Sylvana, an awesome natural horse trainer (and mentor), met me at the barn after work to help me with Kasane. Sylvana and Chris, the barn owner, have given me tips and suggestions for working with young horses using natural horsemanship methods. I’ve always done traditional training methods and always enjoy learning new techniques and methods.
Sylvana watched me work Kasane. The Bay Wonder Mare Junior was frisky at first: she bucked at me a few times when I asked her for a canter with the saddle on. I had to get after her so she realized it was easier to do what I asked then bucking towards me.

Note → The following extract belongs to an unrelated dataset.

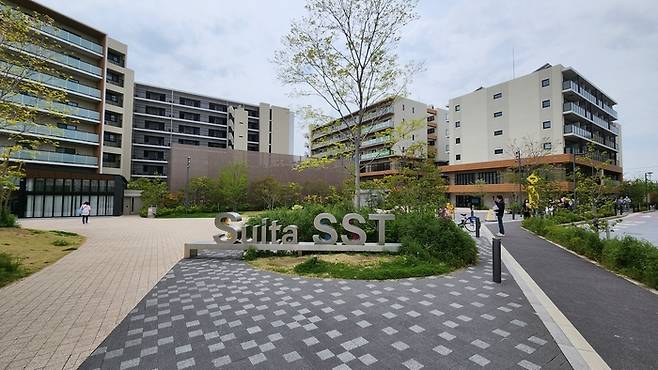 오사카  ‘코코팜 스이타 SST’  정문에서 바라 본 전경 [ 사진제공 = 매일경제 ]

Sylvana showed me some new ground work to try with Kasane, including encouraging her to give to pressure on her nose so she would arch her neck when asked to back (instead of bracing against the pressure). Kasane picked it up immediately. When she backs and she is doing it properly, her entire frame rounds and looks like her back lifts and she glides back (instead of looking stiff). Such a smart girl.
We did a lot of neat exercises: backing while releasing to the the pressure on her nose so her neck arched, one-rein stop, teaching her to give way to pressure on her side so pivoted on the forehand or the haunches. She picked it all up within a few minutes. I was so impressed. Sylvana was too — and mentioned how much she loves working with Arabs.
Once we had Kasane more relaxed, we asked her to canter around the ring again. She looked stiff again — so we pulled her in and did some more ground work to relax her. We tried a one-rein stop (which she did very well, “textbook” Sylvana said) both directions. The one rein stop allows you to disengage the horse’s hind end so the horse will step over. It gives the horse something to think about — and is a good way to diffuse problems.
Sylvana tied the rope to the rope halter and I got on after expressing (and then letting go) of my nervousness. Every other time I’ve ridden Kasane someone has lead her. So… this was a big deal. Kasane stood perfectly while I mounted. She’s been very good at that so far (so long as I’m careful not to push my toe into her side she doesn’t seem to mind).
Sylvana had me encourage Kasane to bend around and touch her nose to my riding shoes (she bit my boots 🙂 heh, just like Isis does). Kasane did that both sides. I asked her for a one-rein stop withg some pressure on my right leg, and she moved around nicely. After doing that both directions, Sylvana asked me to encourage Kasane to walk forward. And she did. 🙂 She figured out that the pressure from my legs and me saying “walk” meant the same thing. After a few minutes, she understood leg pressure for left and right (turning the butt really, not turning her, not yet), rein signals (all done in a wide, gentle motion to be clear), and associated various signals with the voice commands she already knew. Smart girl. Very smart girl.
Sylvana also asked me to take up more contact with the reins and hold steady pressure. When Kasane gave to the pressure, I released contact immediately. So she gave nicely to the pressure on her nose after a few times. She also figured out what back meant.
I was so pleased with her. Yay! So I’ll be riding her more this week. 🙂 Maybe with Sylvana again on Friday. I told her I’d be happy to help her with her four year old gelding.
What a great way to end the evening!